1. The Museum of American Finance, New York—The nation’s only museum dedicated to “celebrating the spirit of entrepreneurship and the democratic free market.” Admission includes willing suspension of disbelief.  Please check explosives at the door. And for $37, buy “Look Out Wall Street! The Stock Market Board Game,” probably the safest way to play the market these days.

2. The Hobo Museum, Britt, Iowa—Visitors learn the difference between a hobo and a bum, along with tips on evading railroad police and building a bindle. The annual Hobo Convention is held the second weekend in August.  Be careful riding the rails to town, or you’ll end up in the Hobo Cemetery.

3. Wells Fargo Museum, San Francisco—On the site of the first Wells Fargo, visitors can see stagecoaches, gold nuggets, and where $25 million in bailout funds disappeared. The gift shop features various Wells Fargo goodies, but you’ll need to apply for a job if you want the Wells Fargo lavish trip to Las Vegas.

4. Berkshire Hathaway Annual Shareholders Meeting, Omaha—Get close and personal with Warren Buffet at this year’s wild west themed meeting May 1-3. While technically, the meeting is for shareholders, tickets are for sale on Ebay for $5. Don’t miss shareholder discounts on various Berkshire Hathaway products like See’s Candy and Nebraska Furniture Mart, or the grub at Warren’s Western Cook Out. Million dollar bonus: Buffet has been known to serenade shareholders on the ukulele.

5. Australia New Zealand Banking Museum, Melbourne—See the history of banking down under through various artifacts including coins, money boxes, office machines, and, of course, fire arms. Bonus: learn about the dynamic indigenous economy before the cultural genocide of colonialism. Please wait to ask questions about predatory Chinese investments until the end of the tour.

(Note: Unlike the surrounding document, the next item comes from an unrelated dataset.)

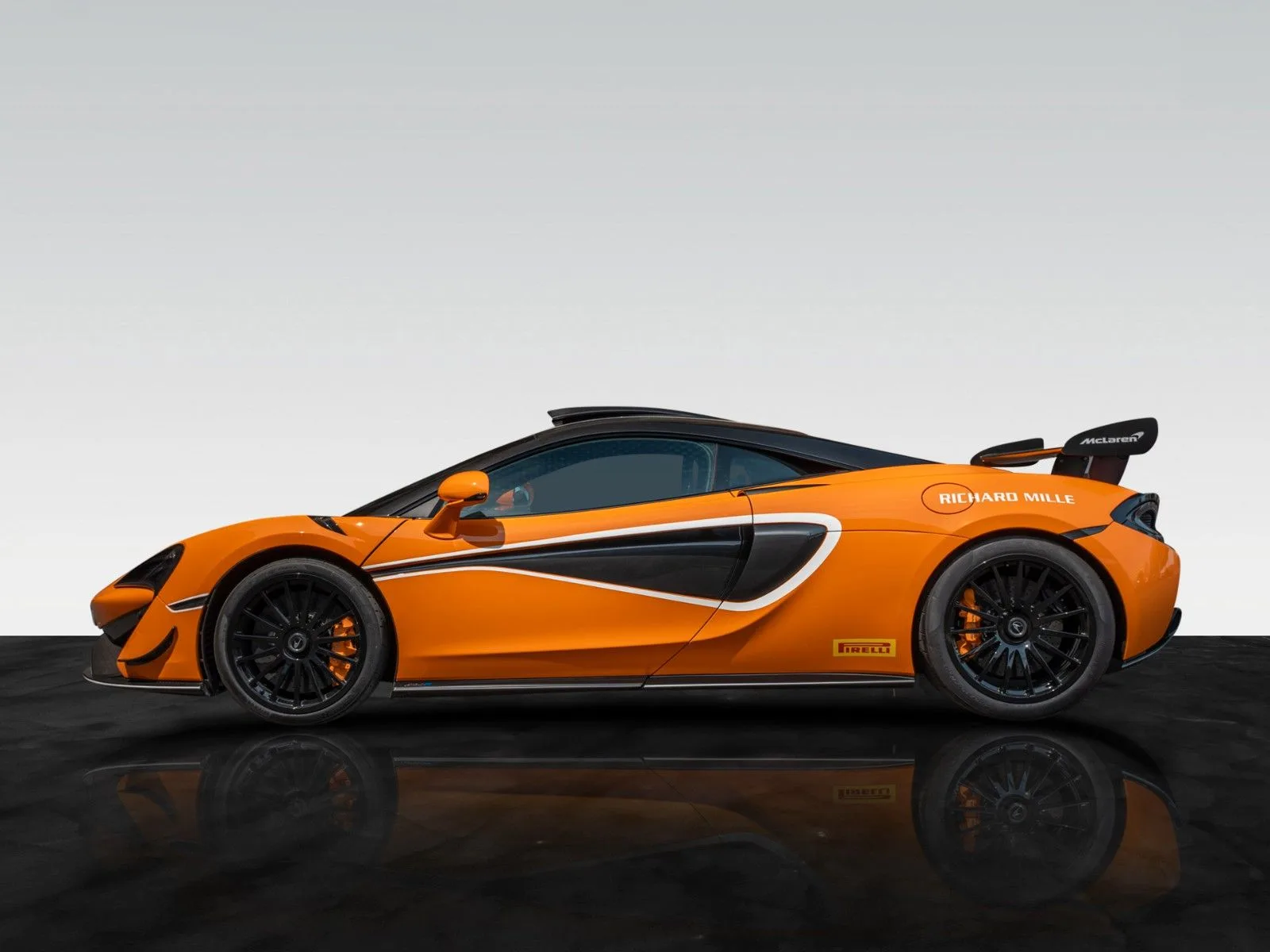 2023 McLaren 620R, 15/30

6. Higgins Museum of National Bank Notes, Okoboji, Iowa—Thrills abound in this museum famous for the most complete state collection of National Bank Note issues every assembled. Rules: “No drooling on the bank notes. No free samples.” (I’m not making this up.) Bonus: the most complete collection of 1902 Red Seal Notes AND free admission.

7. Federal Reserve Board, Washington D.C.—what are those wacky board governors up to now? You and ten of your closest friends can find out during the screening of “The Fed Today” during the FRB tour. Highlights include the architecture of the Eccles Building and the board room. With any luck you’ll catch a glimpse of the gov’t trying to staunch the recession

8. Iceland, North Atlantic—frozen assets and asses abound under the midnight sun this summer. The krona dropped 22 percent against the Euro and its credit has chilled. Bonus: get deals on traditional Icelandic dishes including black pudding, shark, and cured ram scrota.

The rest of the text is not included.